There are multiple audiences for PwP. One could consider PwP a book of recreational mathematics, not mathematical research or a mathematics textbook. It is certainly useful for those interested in mathematics education. But it would also be helpful in bridging the gap between mathematics and art. Although mathematics and art teachers in K-12 could certainly incorporate these materials into their classroom, they were initially developed for independent exploration outside the classroom. The idea was to create materials that were easy enough to use that students would want to explore each model and create their own patterns by manipulating the parameters of each model.

This link shows the general structure of PwP including main worksheets within each file. Current versions of the files as well as links to papers that have been created to supplement these files are located on separate pages. This link is to the book proposal itself; the first two pages lay out the overall structure and rationale, the remaining pages show images from each file to provide a glimpse of the range of images available using each file. Finally, if you would like to watch a video instead, this 17 minute video provides introductory glimpses of 4 the files that comprise this book (Files 1, 2, 6, and 10).

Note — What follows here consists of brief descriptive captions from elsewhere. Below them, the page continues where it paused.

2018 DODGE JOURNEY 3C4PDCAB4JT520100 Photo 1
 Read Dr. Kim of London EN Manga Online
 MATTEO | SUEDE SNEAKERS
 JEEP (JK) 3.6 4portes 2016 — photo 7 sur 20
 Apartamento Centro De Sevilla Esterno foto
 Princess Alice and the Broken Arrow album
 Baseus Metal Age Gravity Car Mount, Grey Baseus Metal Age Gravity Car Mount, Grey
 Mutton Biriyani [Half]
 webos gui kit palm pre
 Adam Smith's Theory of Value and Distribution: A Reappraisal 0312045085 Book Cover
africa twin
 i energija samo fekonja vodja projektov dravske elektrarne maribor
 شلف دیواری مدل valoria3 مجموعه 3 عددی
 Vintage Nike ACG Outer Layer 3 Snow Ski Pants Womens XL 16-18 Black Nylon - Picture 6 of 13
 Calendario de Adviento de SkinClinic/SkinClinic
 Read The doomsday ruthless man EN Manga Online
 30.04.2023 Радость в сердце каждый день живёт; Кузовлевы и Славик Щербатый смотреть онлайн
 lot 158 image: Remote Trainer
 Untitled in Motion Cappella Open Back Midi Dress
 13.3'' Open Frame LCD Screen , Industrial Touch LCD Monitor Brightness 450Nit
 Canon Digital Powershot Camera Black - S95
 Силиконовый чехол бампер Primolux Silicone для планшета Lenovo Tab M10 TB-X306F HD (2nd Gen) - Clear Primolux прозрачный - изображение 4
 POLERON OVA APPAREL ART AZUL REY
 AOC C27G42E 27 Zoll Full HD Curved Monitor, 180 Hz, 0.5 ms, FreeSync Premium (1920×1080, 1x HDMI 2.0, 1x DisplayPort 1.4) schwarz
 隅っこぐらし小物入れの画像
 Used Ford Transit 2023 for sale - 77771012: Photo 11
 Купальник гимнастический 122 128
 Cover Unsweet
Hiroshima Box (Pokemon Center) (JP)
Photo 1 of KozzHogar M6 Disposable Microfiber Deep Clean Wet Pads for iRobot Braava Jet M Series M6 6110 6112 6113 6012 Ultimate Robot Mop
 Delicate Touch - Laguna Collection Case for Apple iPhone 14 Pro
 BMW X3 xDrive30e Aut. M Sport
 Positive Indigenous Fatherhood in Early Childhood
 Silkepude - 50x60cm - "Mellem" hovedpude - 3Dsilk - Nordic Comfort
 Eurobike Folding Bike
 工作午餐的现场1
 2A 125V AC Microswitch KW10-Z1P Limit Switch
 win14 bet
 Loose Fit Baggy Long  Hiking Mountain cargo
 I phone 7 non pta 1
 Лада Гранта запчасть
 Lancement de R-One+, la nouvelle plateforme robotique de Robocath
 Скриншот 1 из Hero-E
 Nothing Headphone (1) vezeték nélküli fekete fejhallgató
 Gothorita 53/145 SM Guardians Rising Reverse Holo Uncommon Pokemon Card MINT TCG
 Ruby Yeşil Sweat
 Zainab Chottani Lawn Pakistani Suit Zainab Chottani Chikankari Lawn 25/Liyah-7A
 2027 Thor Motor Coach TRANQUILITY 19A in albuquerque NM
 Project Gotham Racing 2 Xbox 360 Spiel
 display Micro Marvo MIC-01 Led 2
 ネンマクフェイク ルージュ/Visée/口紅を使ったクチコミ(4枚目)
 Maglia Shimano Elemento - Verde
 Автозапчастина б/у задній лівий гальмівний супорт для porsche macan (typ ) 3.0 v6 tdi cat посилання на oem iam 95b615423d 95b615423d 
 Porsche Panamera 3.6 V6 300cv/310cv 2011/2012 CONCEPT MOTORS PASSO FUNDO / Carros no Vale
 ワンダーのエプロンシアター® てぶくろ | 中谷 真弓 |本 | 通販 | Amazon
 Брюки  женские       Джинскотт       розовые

It is worth drawing attention to the material in File 2 (the first file in I. IMAGES USING SUBDIVISIONS) because it represents my current thinking regarding how the material will be presented in the final product. Instead of having long papers that provide an overview of many features at once, this chapter is composed of a series of short one to two page documents which I call Explainers based on Stein’s Triex. Think of these as short sections of the chapter. These documents are, by necessity, conceptually linked to one another, but the goal is to provide information in small bite-sized pieces targeting specific topics. Many provide annotated images that explain why an image looks the way it does. Those wishing to teach with PwP could use these documents as hand-outs that could be distributed to students electronically, or in hard copy. Alternatively, they could be projected onto smart-boards and used in much the same way that PowerPoint slides are used to support lectures introducing material.

The images stand on their own, without need for mathematical explanation. But part of the fun is in understanding those explanations and applying it in new situations. Some of those explanations are more mathematically challenging than others. Those prefaced with the letters MA (for Mathematical Approach) are more challenging but dig more deeply into the underlying structure of the images under consideration. These are typically appropriate for secondary school audiences. Additionally, short 3–5-minute videos will eventually be displayed on the website that will explain the features, patterns, and variables included in each file. On top of all this content, various lesson plans targeting different Common Core State Standards will be posted for each file. This link provides a table showing suggested topic coverage by day for different grades. The goal is to provide students and teachers with materials that will allow them to integrate PwP into a classroom setting. Once students are exposed to these materials, they can simply play and learn as they explore creating images using PwP.